An image-free reproduction of the data below is needed: print it exactly.

#### Supplied data:
******

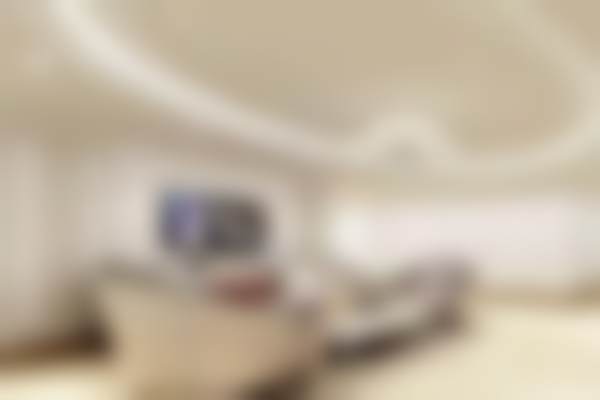 六、东莞壹加壹整形医院怎么预约：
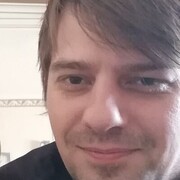 ,   Dima, 43 ,   ,   , c , 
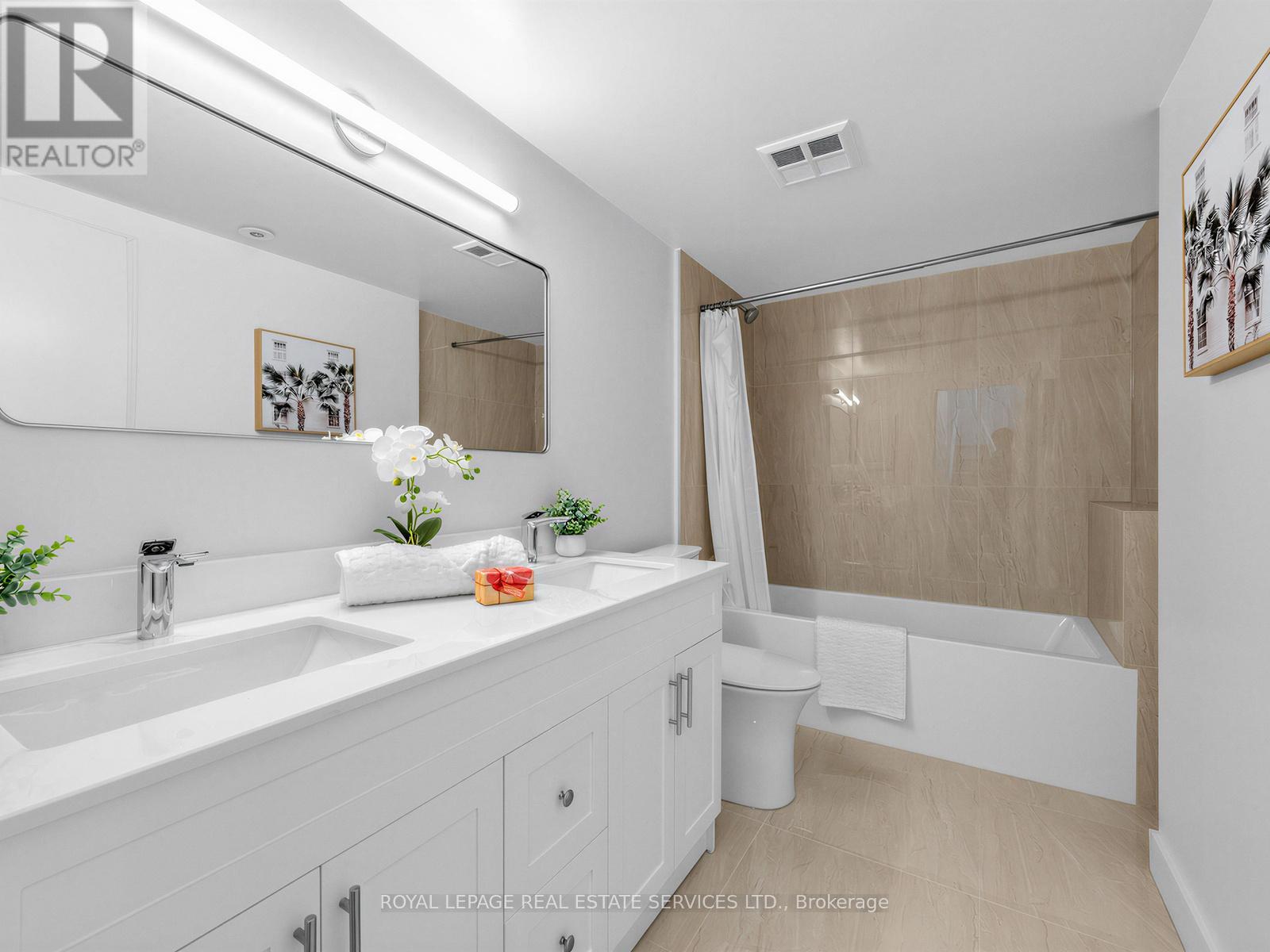 #515 46 EAST LIBERTY STREET - 17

******

#### Result for this exercise:
 六、东莞壹加壹整形医院怎么预约：
 ,   Dima, 43 ,   ,   , c , 
 #515 46 EAST LIBERTY STREET - 17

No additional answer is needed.